Nearly all modern battery-powered devices have circuits in them which detect supply voltage and automatically turn them off when a certain “cut-off” voltage is reached. This is done to prevent poor or unpredictable operation, which often occurs when a device is “starved” for power. Some devices draw a constant current from start-up to cut-off, while others draw constant power, which means that they draw progressively more current as battery voltage falls. These parameters – the cut-off voltage, and the current draw versus input voltage curve – determine if a given type of battery will power a device at all, and which battery type can power it the longest.
Each model of each type of battery-powered device used at a given church may present different requirements that drive appropriate battery selection. Here we will summarize the powering requirements of common device types, the types of batteries currently available for small portable audio devices, and draw some conclusions about matching batteries to applications. It should be mentioned before going further that battery selection is part of the design of a sound system, and should be specified by a competent professional systems designer.
When considering the power requirements for battery powered audio devices in assembly facilities, we must first identify the reliability requirements for that device, given the role that it plays in the worship experience. Another consideration is how much runtime is required between battery changes.

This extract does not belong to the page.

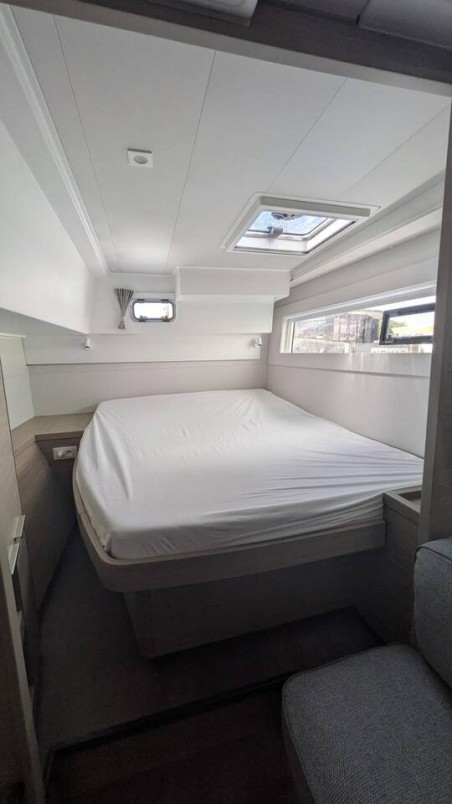 Lagoon 40 - 3 + 2 cab | Czarter jachtu Karaiby | Travelboat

Most wireless devices use one of two battery styles – the “9-volt” battery and the AA cell. Some AA-powered devices employ a single cell, some use two in parallel for approximately twice the run-time at the same operating voltage range, and some use two in series for a higher operating voltage range. In general, the trend in recent years among manufacturer has been to migrate towards the AA format, due to its greater energy storage capacity, lower cost, and broader worldwide availability. A few devices employ custom rechargeable battery packs that are essentially unique to that device, and preclude any selection of alternative power sources.
In general, portable audio devices are designed to operate from the maximum voltage available from the intended battery type, down to some minimum voltage, at which point the device warns the user, and then turns itself off.
Some devices draw the same amount of current regardless of the voltage level of the battery, whereas others employ a regulator that progressively draws greater current as the battery voltage declines. These regulators allow devices to operate down to lower voltages, and thereby extract more of the energy stored in the battery. The author has measured current draws for “9-volt”-powered devices ranging from a constant 13mA for a hardwired IEM bodypack, to well over 100mA for a device that employs a regulator, in the latter stages of discharge. Cutoff voltages range from about 7v down to around 4.5v. Most AA-powered devices employ regulators, and draw currents in the range of 150-300mA.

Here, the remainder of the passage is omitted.